PROBLEM: From the line with "Plate with two" to the line with "Edible M&M cookie", retype every line exactly, including those two, and leave out the rest of the data below.

RECORDS FOR THIS TASK:

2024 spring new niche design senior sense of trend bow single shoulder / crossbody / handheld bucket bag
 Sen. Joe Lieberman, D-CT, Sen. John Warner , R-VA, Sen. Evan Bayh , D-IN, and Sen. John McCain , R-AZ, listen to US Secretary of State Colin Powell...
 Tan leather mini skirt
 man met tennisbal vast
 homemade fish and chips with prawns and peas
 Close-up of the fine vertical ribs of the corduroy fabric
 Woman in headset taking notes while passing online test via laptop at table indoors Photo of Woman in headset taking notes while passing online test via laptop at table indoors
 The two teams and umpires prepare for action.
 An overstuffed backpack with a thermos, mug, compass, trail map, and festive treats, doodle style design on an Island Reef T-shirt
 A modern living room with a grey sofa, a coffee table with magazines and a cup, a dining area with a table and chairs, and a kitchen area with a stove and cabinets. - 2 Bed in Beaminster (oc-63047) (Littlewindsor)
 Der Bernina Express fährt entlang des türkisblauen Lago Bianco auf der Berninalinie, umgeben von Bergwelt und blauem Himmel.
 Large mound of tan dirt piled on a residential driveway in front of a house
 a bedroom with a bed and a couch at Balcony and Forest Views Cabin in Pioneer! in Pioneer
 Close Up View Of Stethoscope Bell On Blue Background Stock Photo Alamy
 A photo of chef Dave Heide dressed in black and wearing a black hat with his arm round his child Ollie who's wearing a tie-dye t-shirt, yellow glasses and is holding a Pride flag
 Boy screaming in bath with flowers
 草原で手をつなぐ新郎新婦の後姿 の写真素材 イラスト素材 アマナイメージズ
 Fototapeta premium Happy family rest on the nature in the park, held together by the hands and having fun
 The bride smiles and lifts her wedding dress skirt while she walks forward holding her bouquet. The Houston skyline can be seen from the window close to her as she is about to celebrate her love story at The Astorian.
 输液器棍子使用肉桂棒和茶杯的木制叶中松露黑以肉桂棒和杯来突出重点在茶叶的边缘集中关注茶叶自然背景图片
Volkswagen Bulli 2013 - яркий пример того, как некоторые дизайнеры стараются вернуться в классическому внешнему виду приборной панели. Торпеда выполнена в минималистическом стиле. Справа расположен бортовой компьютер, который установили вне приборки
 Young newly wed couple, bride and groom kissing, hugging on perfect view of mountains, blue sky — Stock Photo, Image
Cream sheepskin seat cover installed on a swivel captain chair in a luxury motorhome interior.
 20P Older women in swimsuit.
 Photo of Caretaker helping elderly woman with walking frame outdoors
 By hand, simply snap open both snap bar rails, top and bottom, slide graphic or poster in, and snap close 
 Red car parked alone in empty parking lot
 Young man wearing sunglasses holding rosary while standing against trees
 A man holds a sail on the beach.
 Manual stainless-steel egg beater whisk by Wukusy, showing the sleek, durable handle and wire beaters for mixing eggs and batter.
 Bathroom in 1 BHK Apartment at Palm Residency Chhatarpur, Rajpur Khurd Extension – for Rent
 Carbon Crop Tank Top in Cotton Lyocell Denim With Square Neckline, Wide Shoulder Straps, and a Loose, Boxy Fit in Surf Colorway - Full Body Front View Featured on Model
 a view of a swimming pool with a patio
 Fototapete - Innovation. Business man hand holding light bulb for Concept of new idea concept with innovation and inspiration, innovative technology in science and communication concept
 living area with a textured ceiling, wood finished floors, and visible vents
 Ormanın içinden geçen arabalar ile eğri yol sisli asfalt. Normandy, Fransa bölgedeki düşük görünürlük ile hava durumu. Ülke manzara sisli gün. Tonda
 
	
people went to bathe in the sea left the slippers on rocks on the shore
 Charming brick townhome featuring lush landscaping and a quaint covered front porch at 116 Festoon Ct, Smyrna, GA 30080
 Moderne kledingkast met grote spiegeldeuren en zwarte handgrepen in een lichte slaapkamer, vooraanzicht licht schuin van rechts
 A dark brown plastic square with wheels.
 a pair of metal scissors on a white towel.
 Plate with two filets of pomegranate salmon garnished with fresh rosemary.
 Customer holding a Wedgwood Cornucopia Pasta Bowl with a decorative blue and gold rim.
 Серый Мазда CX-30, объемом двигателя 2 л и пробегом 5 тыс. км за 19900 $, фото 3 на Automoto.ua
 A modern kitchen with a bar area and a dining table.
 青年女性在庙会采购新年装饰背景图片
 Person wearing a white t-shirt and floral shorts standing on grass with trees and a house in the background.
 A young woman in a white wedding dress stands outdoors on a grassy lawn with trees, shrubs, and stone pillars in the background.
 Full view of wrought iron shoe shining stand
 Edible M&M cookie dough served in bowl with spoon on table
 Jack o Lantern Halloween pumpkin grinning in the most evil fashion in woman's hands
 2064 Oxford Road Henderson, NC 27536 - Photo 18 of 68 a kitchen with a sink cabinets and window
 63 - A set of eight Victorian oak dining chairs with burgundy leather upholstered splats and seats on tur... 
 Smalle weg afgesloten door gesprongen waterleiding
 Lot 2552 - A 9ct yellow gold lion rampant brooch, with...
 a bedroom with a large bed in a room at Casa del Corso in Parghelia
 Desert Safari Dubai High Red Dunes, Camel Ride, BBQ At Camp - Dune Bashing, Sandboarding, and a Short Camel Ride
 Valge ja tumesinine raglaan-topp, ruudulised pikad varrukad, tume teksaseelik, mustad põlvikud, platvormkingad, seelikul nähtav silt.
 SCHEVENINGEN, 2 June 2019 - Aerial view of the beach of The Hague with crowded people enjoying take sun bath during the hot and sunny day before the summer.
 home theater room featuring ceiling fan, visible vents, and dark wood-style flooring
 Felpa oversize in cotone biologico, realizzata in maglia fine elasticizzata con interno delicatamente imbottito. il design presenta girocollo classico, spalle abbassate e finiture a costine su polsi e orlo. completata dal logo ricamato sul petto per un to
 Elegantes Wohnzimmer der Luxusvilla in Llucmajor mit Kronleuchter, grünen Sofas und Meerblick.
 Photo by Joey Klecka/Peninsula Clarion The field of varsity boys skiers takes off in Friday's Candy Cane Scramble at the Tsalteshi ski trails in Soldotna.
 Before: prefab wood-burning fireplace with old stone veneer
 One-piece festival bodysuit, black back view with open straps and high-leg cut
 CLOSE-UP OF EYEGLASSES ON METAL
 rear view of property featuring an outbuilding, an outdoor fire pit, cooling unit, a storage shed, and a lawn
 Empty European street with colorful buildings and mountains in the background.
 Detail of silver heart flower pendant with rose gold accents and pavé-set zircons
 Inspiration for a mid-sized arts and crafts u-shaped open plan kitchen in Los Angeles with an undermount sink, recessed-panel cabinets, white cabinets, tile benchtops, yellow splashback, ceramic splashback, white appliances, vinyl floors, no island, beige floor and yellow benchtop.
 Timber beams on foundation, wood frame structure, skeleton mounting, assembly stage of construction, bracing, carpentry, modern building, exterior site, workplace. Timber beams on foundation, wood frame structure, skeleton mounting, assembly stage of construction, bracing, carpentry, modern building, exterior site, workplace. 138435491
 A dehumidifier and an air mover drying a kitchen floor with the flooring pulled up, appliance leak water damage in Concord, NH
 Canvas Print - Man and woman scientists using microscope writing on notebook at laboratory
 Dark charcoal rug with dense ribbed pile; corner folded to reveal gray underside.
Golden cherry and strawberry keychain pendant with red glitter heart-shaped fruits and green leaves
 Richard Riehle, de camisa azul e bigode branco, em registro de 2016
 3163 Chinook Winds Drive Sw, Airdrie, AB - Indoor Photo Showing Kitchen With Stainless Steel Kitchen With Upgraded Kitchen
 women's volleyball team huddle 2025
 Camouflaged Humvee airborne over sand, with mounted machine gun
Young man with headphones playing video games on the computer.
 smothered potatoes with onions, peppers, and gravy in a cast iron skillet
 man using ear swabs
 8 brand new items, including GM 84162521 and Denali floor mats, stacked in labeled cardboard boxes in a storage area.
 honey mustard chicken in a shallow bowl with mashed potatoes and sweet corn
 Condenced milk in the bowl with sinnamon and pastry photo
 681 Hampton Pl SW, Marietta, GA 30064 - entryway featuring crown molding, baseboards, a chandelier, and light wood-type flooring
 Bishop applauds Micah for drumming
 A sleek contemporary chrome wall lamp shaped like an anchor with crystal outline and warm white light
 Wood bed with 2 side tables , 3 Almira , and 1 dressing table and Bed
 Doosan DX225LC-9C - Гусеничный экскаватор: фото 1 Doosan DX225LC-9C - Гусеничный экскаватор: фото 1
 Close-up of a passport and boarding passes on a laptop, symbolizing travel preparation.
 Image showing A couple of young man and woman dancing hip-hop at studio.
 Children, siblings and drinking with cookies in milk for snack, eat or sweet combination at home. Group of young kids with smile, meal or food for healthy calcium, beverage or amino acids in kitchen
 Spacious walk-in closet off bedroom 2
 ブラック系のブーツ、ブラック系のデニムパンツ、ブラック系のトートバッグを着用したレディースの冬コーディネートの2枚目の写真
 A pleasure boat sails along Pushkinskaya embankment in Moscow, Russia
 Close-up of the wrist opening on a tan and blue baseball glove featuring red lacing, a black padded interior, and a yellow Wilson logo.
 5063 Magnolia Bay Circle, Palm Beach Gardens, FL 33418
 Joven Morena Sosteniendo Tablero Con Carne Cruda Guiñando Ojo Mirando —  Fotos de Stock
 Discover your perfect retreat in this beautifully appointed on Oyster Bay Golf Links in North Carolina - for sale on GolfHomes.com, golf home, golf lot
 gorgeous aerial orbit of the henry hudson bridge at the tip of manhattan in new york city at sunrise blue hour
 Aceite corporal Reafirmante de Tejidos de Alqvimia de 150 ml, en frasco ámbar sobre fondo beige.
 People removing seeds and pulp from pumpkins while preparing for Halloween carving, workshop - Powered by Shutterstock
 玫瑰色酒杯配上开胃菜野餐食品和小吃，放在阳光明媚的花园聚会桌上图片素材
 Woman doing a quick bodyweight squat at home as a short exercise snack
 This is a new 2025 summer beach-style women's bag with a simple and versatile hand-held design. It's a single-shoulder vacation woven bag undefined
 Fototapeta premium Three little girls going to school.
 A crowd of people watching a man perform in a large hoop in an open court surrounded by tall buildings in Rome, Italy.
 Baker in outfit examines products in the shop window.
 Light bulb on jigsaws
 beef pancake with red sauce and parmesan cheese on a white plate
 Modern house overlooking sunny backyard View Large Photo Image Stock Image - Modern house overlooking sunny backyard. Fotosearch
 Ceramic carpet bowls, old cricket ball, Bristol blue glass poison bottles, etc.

OUTPUT OF THE TASK:
 Plate with two filets of pomegranate salmon garnished with fresh rosemary.
 Customer holding a Wedgwood Cornucopia Pasta Bowl with a decorative blue and gold rim.
 Серый Мазда CX-30, объемом двигателя 2 л и пробегом 5 тыс. км за 19900 $, фото 3 на Automoto.ua
 A modern kitchen with a bar area and a dining table.
 青年女性在庙会采购新年装饰背景图片
 Person wearing a white t-shirt and floral shorts standing on grass with trees and a house in the background.
 A young woman in a white wedding dress stands outdoors on a grassy lawn with trees, shrubs, and stone pillars in the background.
 Full view of wrought iron shoe shining stand
 Edible M&M cookie dough served in bowl with spoon on table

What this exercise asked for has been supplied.